>>>>

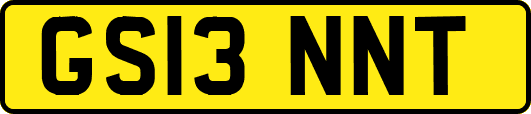 GS13NNT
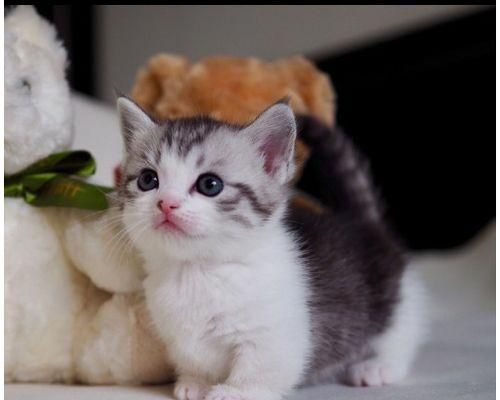 猫咪脚断了，如何应对（宠物主人必看）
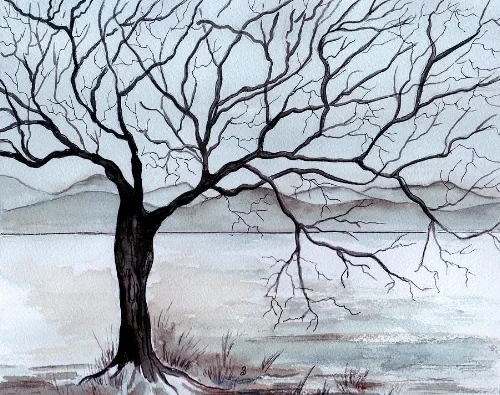 winter-tree-brenda-owen.jpg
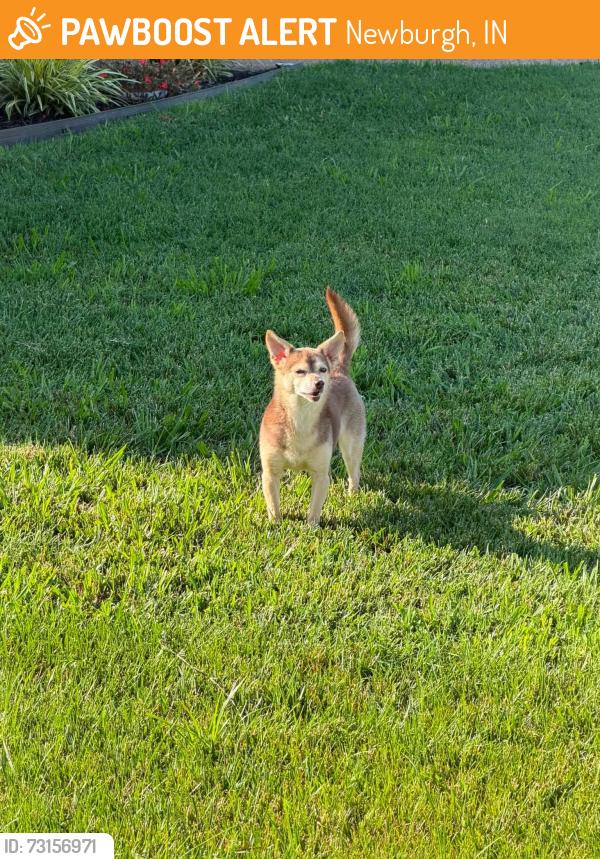 Found/Stray Male Dog last seen Pebble Creek Neighborhood, Newburgh, IN 47630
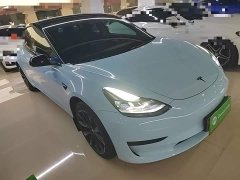 Tesla Model 3 Standard Range RWD Upgrade 3D6 - ფოტო 4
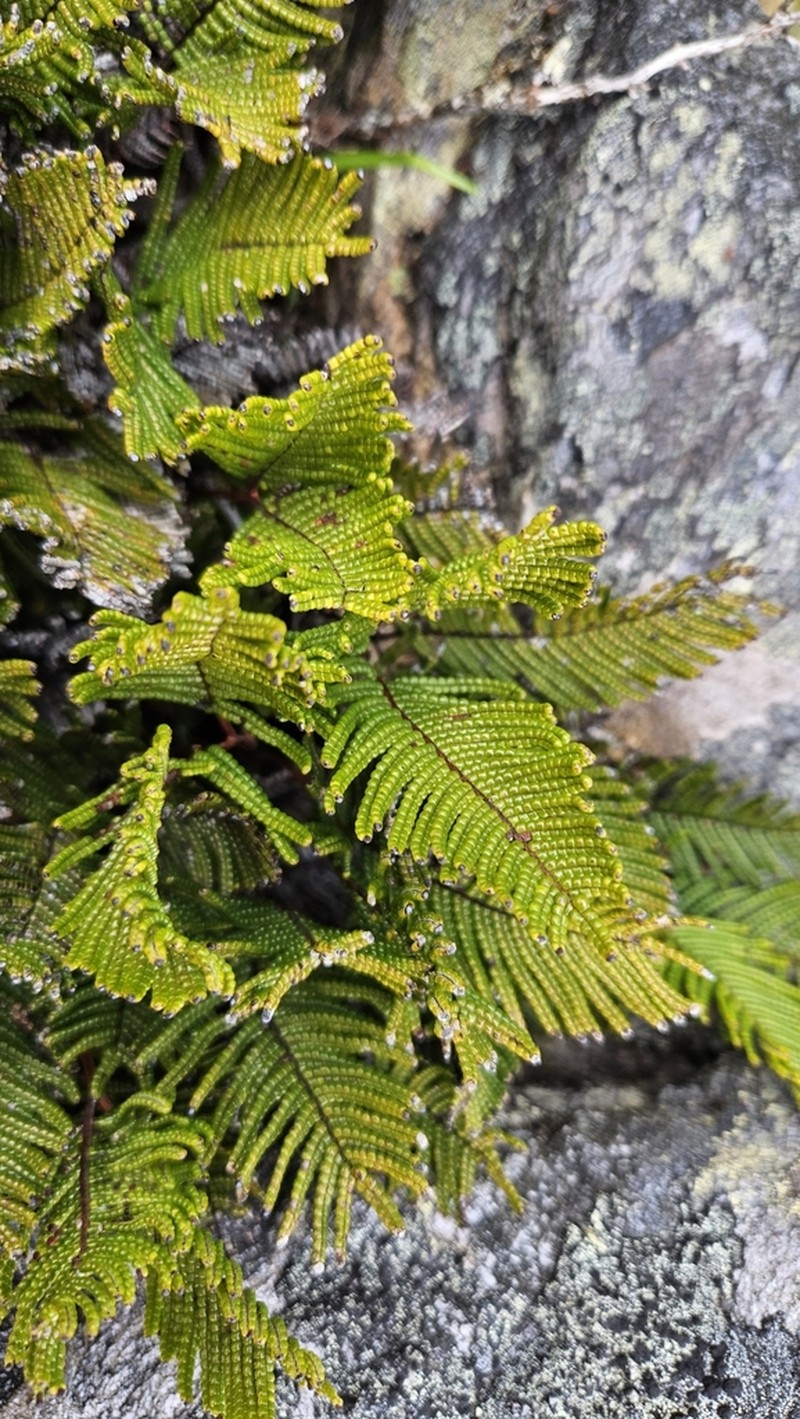 Gleichenia abscida photo 2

<<<<

Word for word, reproduce the listing above; no image should be carried over.

> **YOUR SOLUTION**:
 GS13NNT
 猫咪脚断了，如何应对（宠物主人必看）
 winter-tree-brenda-owen.jpg
 Found/Stray Male Dog last seen Pebble Creek Neighborhood, Newburgh, IN 47630
 Tesla Model 3 Standard Range RWD Upgrade 3D6 - ფოტო 4
 Gleichenia abscida photo 2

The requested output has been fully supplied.